When we think of lavender, we think of a calming aroma, a serene purple, and a dreamy scent. That’s for a reason! Even inhaling lavender can help relax us, so keeping a bottle of pure lavender oil around is a great and easy idea. You can also diffuse lavender or simply place a few drops near your pillow at night. Lavender can also be added to massage oils, and teas can be made from lavender leaves.

Many other essential oils besides lavender that can ease anxiety. Consider Holy Basil, Sweet Basil, Bergamot, Rose, Vetiver, Frankincense, Clary Sage , Ylang Ylang, Lemon Balm, and Patchouli. Follow directions on the bottle, and never apply to skin undiluted.

Don’t take oils internally unless you are working for a certified aromatherapist. Most oils work simply by the olfactory senses. Just smelling them does the trick! Place some on a cotton ball, or on diffuser stones, or on sachets and keep them nearby. Most oils work well in a diffuser too, though if you have pets, be sure to check first that they are safe.


For many people exercise is the ultimate anti-anxiety remedy. Exercise releases those feel-good endorphins, works up a good sweat (yes, this is good!), and gives us a sense of calm after we’re done. And get this … even 5 minutes of aerobic exercise can begin to stimulate anti-anxiety effects according to the ADAA.

Exercise usually helps us sleep better, which in turn helps us feel less stressed. It also stabilizes moods, increases self-esteem, and decreases those feelings of tension. Not everyone’s anxiety responds well to exercise, so even if it doesn’t reduce your anxiety, it helps in other ways. Don’t stop exercising, just look into other remedies that may work better for your anxiety.

Ditch the caffeine

Well and Good says that caffeine is not for everyone and especially not for anyone with anxiety. Caffeine can make you feel moody, nervous, anxious, and not sleep as well. If you are one of those all-day coffee drinkers and you have anxiety, consider cutting down to just one cup in the morning. See how you feel. It could make a huge difference in just a few days!

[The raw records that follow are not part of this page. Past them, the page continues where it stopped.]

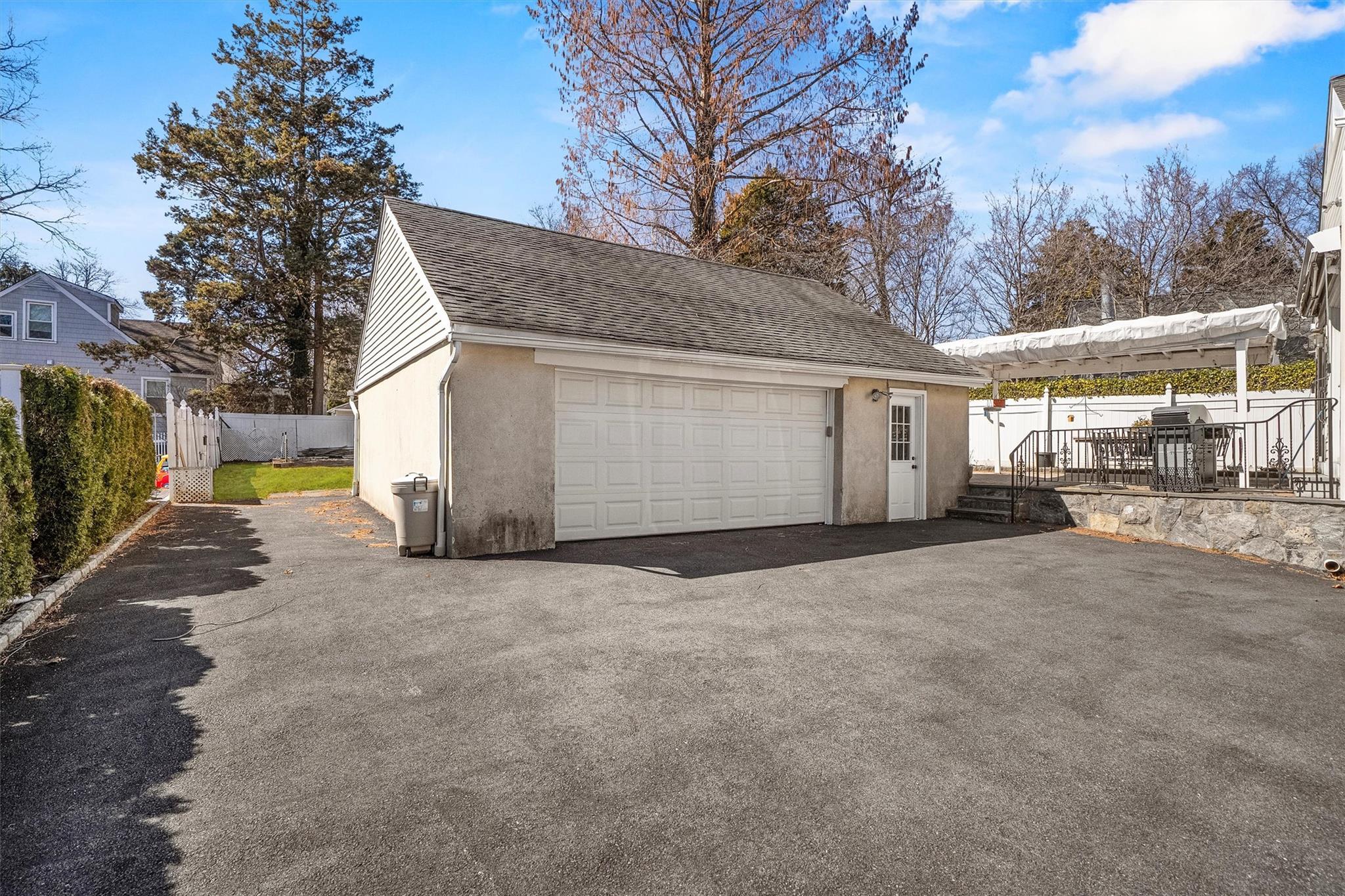 Single Family Carrigan  Westchester County, NY 10605, MLS-836279-41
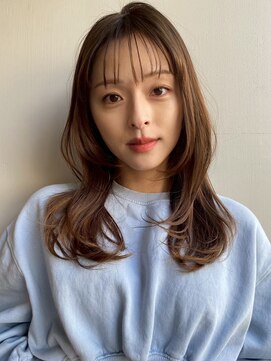 ブラウヘアアンドケア(care) 巻き髪くびれミディアム×ナチュラルブラウン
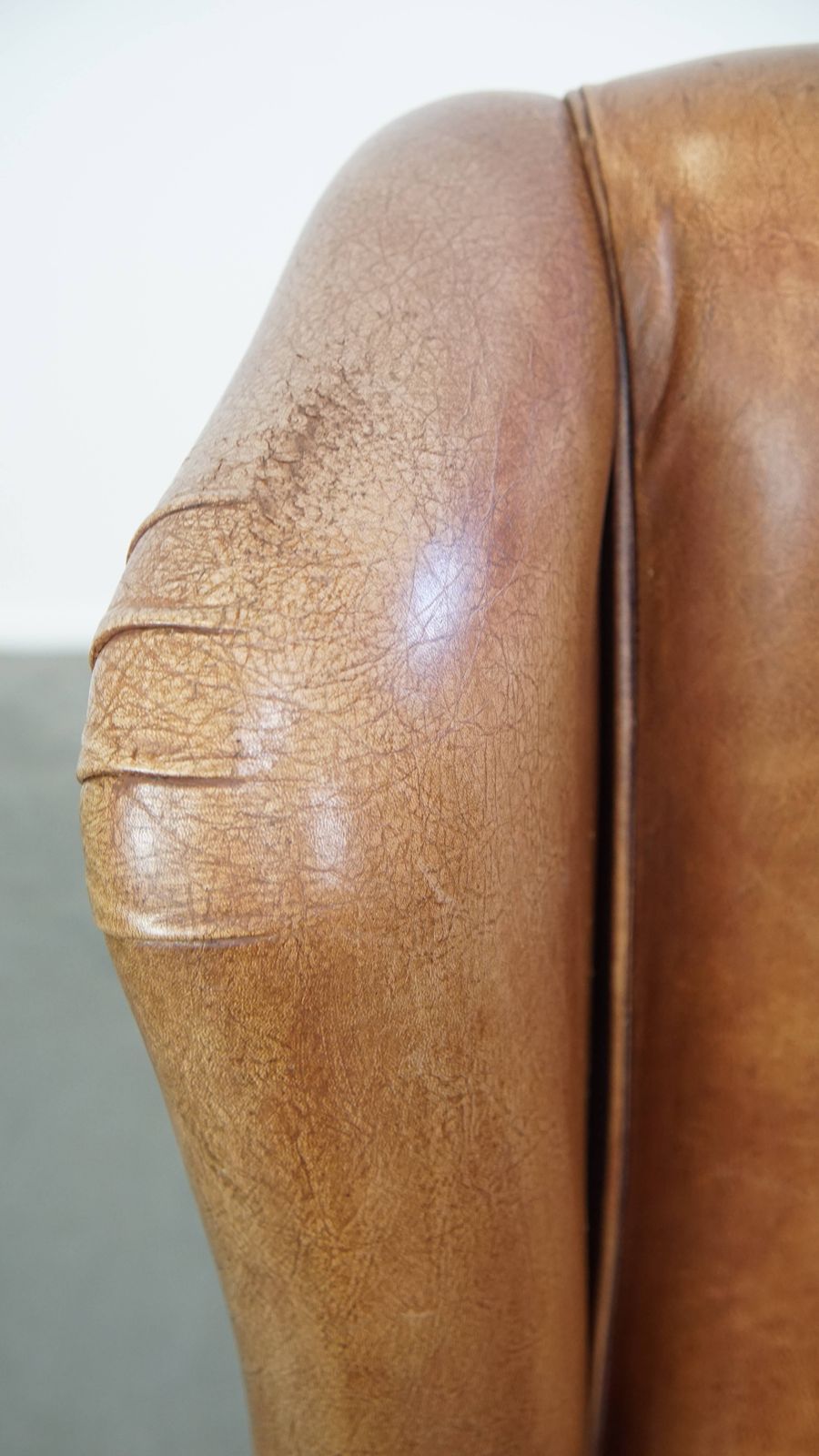 photo furniture Koehiden Fauteuil Met Vleugelleuningen In Lichtcognac Met Bijpassende Paspel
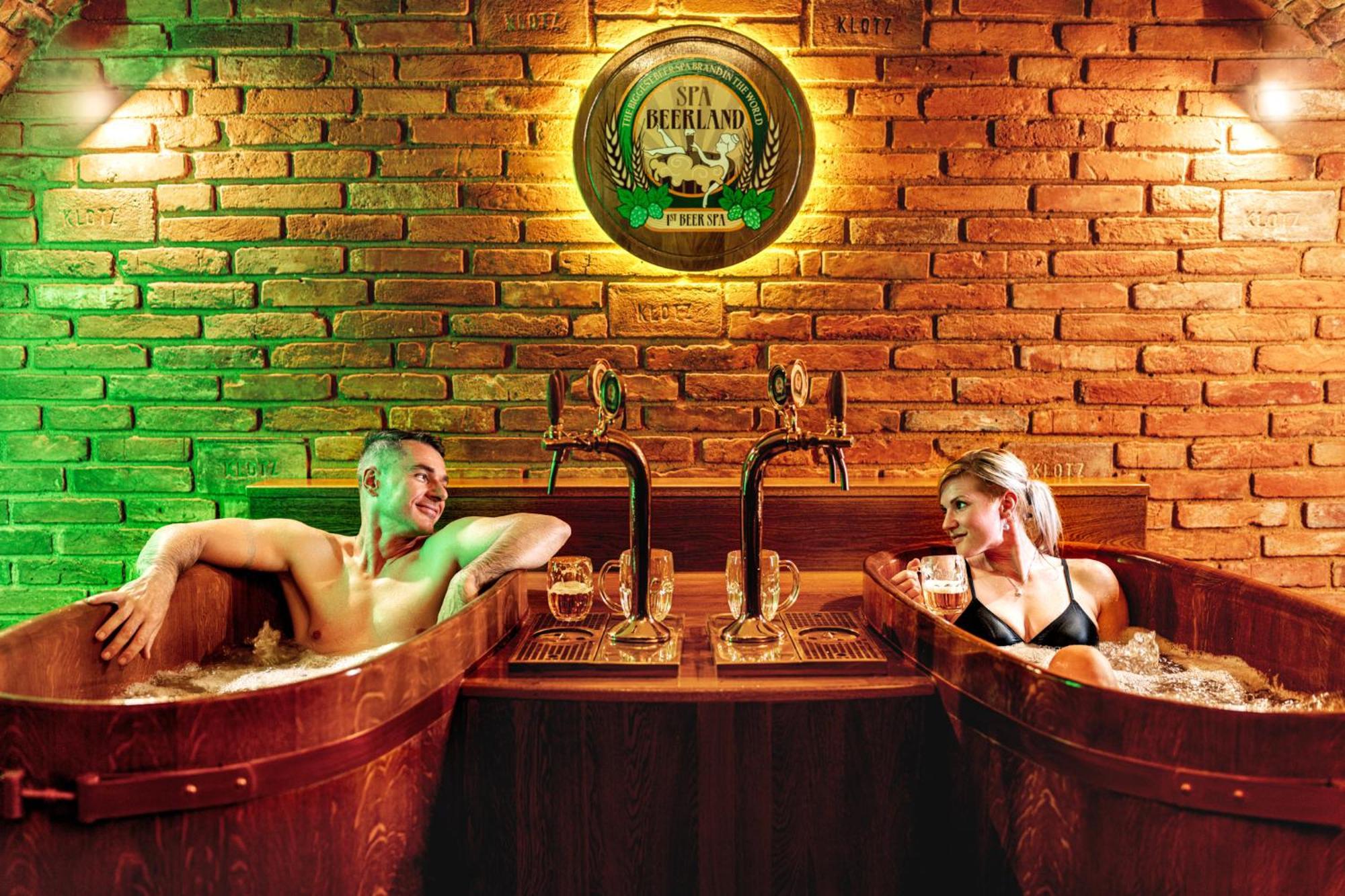 Spa Beerland - At The Golden Lamb Πίλζεν Εξωτερικό φωτογραφία
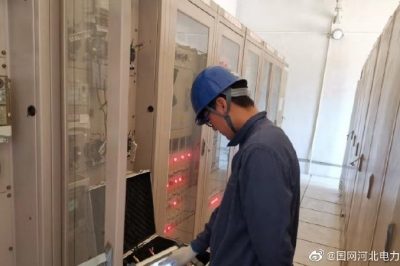 持續(xù)高溫雷雨天，傾盆暴雨嘩嘩下，供電職工檢修忙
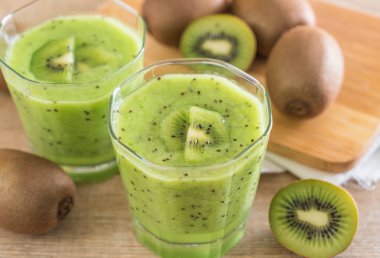 Sağlıklı taze kivi smoothie cam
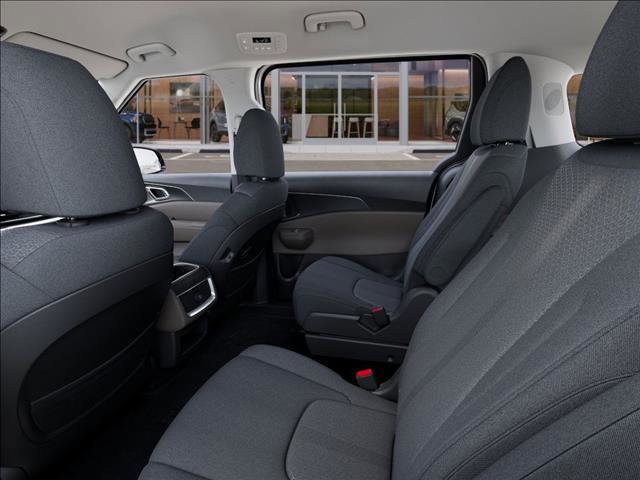2026 Kia Carnival LX photo 17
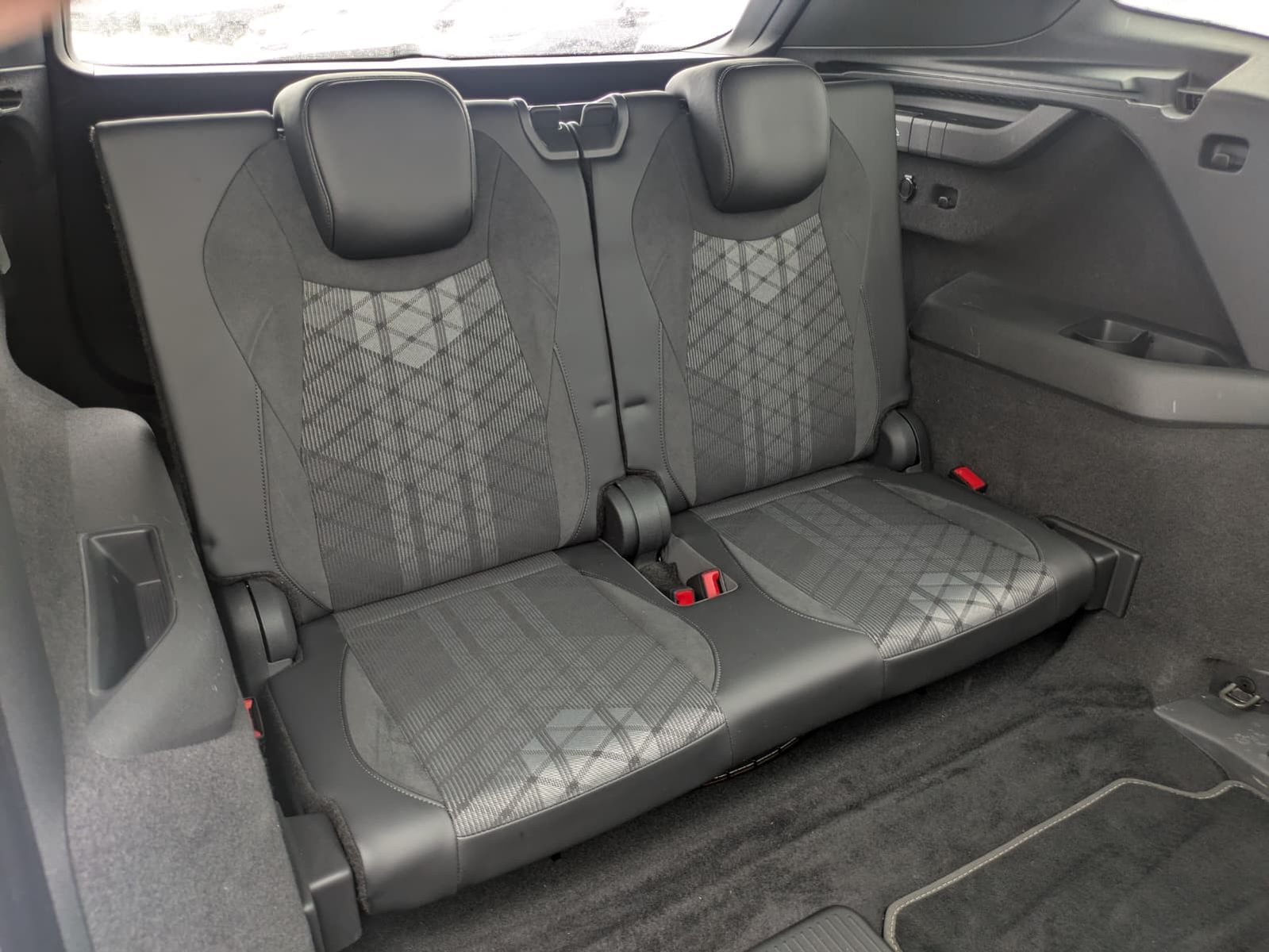 Fahrzeugabbildung Volkswagen Tayron 2.0 TDI 4M R-Line 7Si*MATRIX*AHK*PANO*HUD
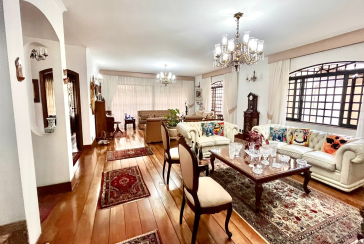 Belo Sobrado à venda no Alto da Lapa na Rua Lomas Valentinas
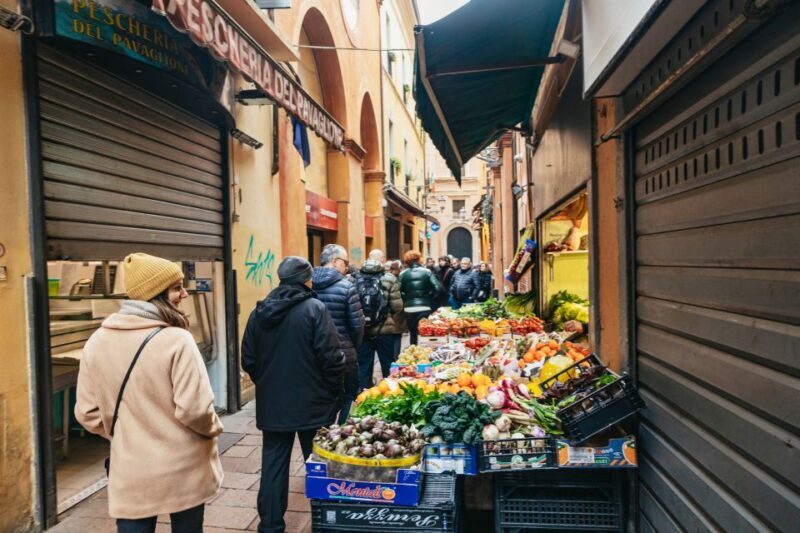 Bologna: City Center Walking Tour - Experience and Insights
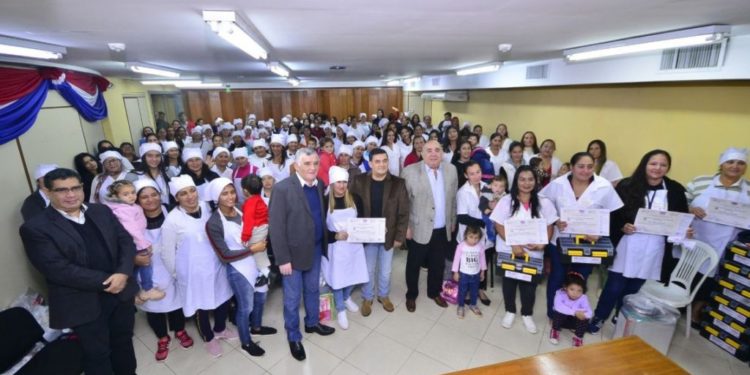 Mujeres de territorios sociales recibieron certificados y kits para desarrollo de oficios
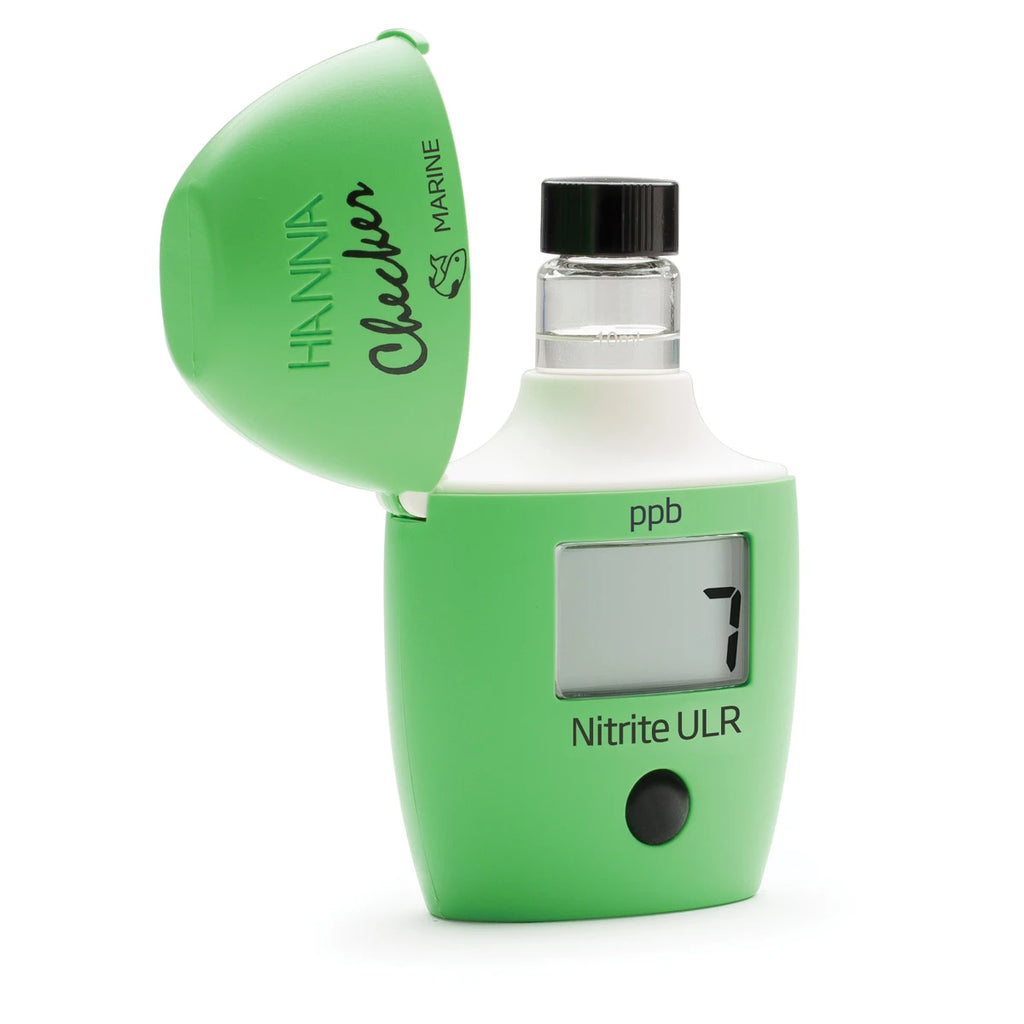 Hanna Checker HC HI764 nitrite ULR — capot ouvert avec cuvette en place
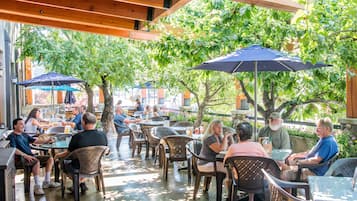 Lunch and dinner served, Greek cuisine
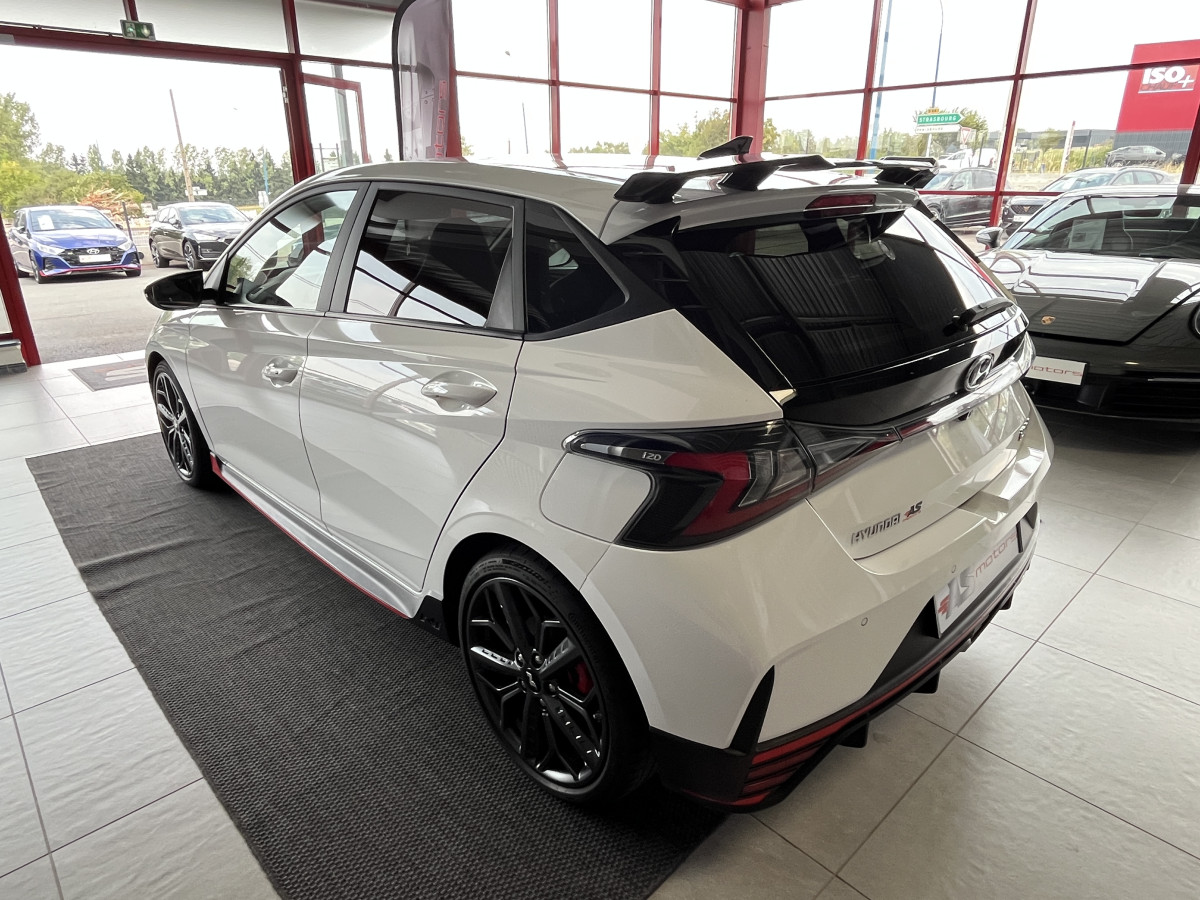 HYUNDAI I20 N 1,6 T-GDI 204 GPS CAMERA APPLE CARPLAY REGULATEUR LIMITEUR KEYLESS VIRTUAL COCKPIT DRIVE SELECT HIFI BOSE FULL LED DIFFERENTIEL A GLISSEMENT ETAT NEUF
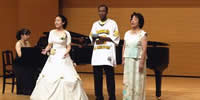 2004年8月 「チャリティ講演とコンサート」開催（東京都日野市・三重県津市）2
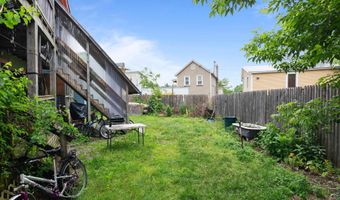 305-307 N Winooski Ave, Burlington, VT 05401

Of course, caffeine can also cause headaches from withdrawals, so cut down slowly. Replace your other coffee time, with tea (caffeine-free), water, or a fruit-laced water to stay hydrated.

Cut sugars

All foods cause our blood sugar levels to go up then down. Sugar causes larger surges follows by drastic reductions which can mimic anxiety, or even a panic attack, according to Harvard Health Publishing. Your best bet, not just for reducing anxiety but for better health in general, is to eat a clean diet without processed foods. Lean protein, balanced with good fats and complex carbs is a good choice for most people.

Adding in other methods like deep breathing, yoga, prayer, talk therapy, and journaling may all help reduce mild anxiety. Different methods work for different people. Try a few and see how you feel. Of course, if your anxiety gets overwhelming, see a professional.